Era un espacioso y lujoso chalet de dos plantas, reciente pero de diseño colonial. Grandes ventanales daban al jardín trasero con piscina.

—[Pero... ¿qué-? ¿Qué hacen ustedes aquí?] —Los miró a los tres antes de detenerse en Jubal—. [¿Quién es él?] —le preguntó a Darío.

Se le debía estar bajando la adrenalina porque se estremecía ligeramente. Aunque estaba haciendo un mejor trabajo en controlarlo, Isobel la entendía bien. Había sido un tiroteo muy intenso. Darío también parecía aún un poco frenético. Admiraba a Jubal que, al menos aparentemente, sólo estaba especialmente alerta.

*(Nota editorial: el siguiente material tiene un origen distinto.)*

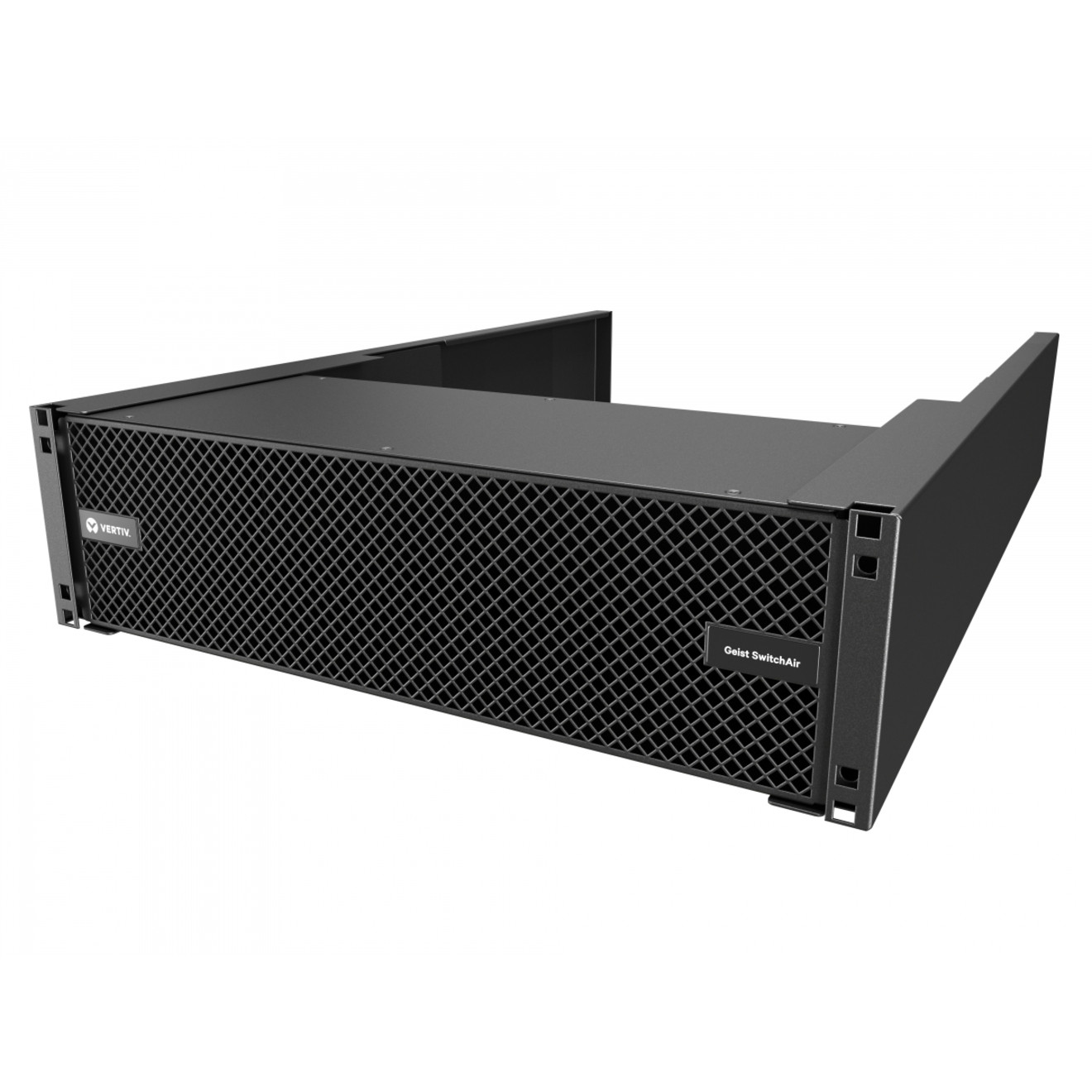 Vertiv Geist SwitchAir Airflow Cooling SystemRack-mountableBlack Powder CoatITBlack Powder CoatAir Cooler3U SA1-03001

Darío se lo presentó, diciendo su nombre y apellido, su condición de Agente Especial del FBI. Por su forma consternada de mirarlo, Isobel supo que Adriana recordaba su nombre del relato de aquella mañana, que le habían contado que aquel hombre había estado a punto de morir dos veces a manos de Vargas.

—¿Y ahora qué? —preguntó Jubal volviéndose también hacia Darío—. ¿Podría ser que decidan marcharse?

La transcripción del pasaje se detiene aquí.